Monday, 29 June 2020

It’s Alive (But the Jury’s Sitting)


It’s Alive (But the Jury’s Sitting)



You’d think on viral days they might give it a rest
these early rising double breasted, great crested,

Shrieking Yammer Tits. Dawn chorus sunup clods
you’ll switch on for news with some resigned nod

on know-all day, they backhand dodge every call,
squeezing out paste-board mock up titters for all

stupid enough to enter here. Over it like a rash,
ruin football stats like any stupid hack and dash

out parrot rote cliché, twittering gegenpressers,
interview second rate past-it comedy managers

for kicks and giggles. Look: just piss off, go away,
put a sock in your hole, ruin somebody else’s day,

but no: cut to music, like they’d know a cool set,
recall more seventies stars than you’d ever forget,

wheel in poor misbegotten wet public virus inmate
from handkerchief back garden, giving us updates

about fridging four tins of McEwans Export for him
some sweet Asti-Spumante Lambrini raspberry gin

whipped up in an instant under cheap windbreaks,
leaking tents and piss puddles soon turn into lakes

by a portable telly. Fire up disposable barbecue sets
for a locked down bubble-up, double-up Glasto-fest.

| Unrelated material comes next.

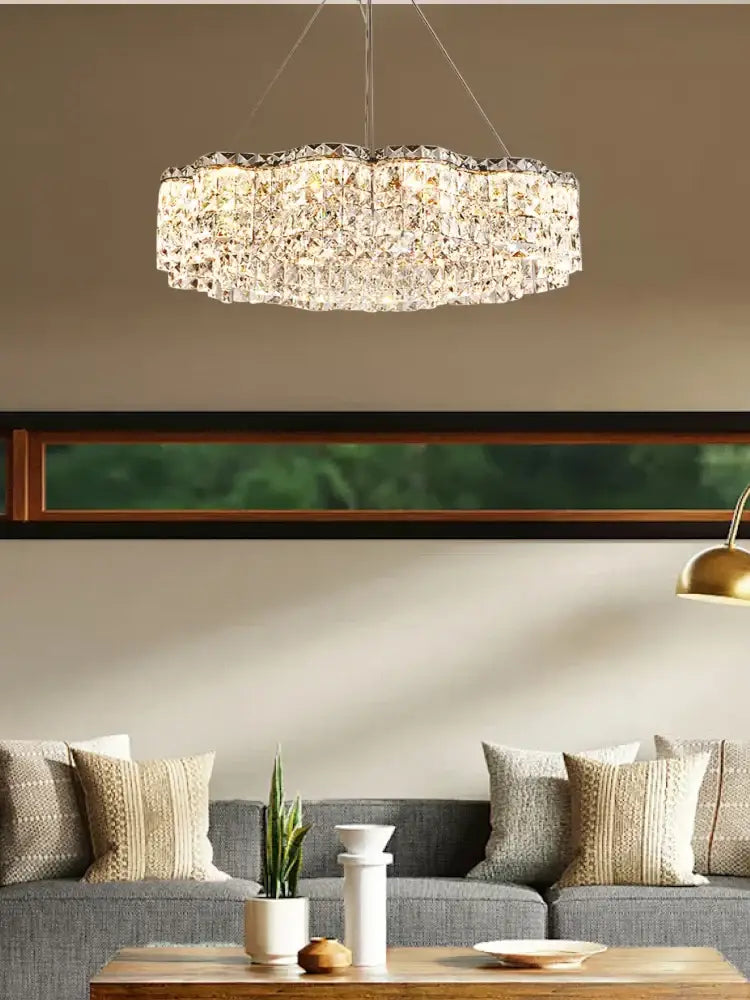 Modern circular crystal chandelier pendant light for dining room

You find this squawking repulsive, then turn it off,
they say, but, no, it’s always there, ears of cloth,

creamed jeans and wet patches, all endlessly fine,
relentless high pitched constantly repellent whines

of gosh, goodness, I’ve lost the page in my script,
into spongy microphones full of dribbles and spit,

toss homebrewed piss-grenades into the crowd,
never knowingly right; never unknowingly loud.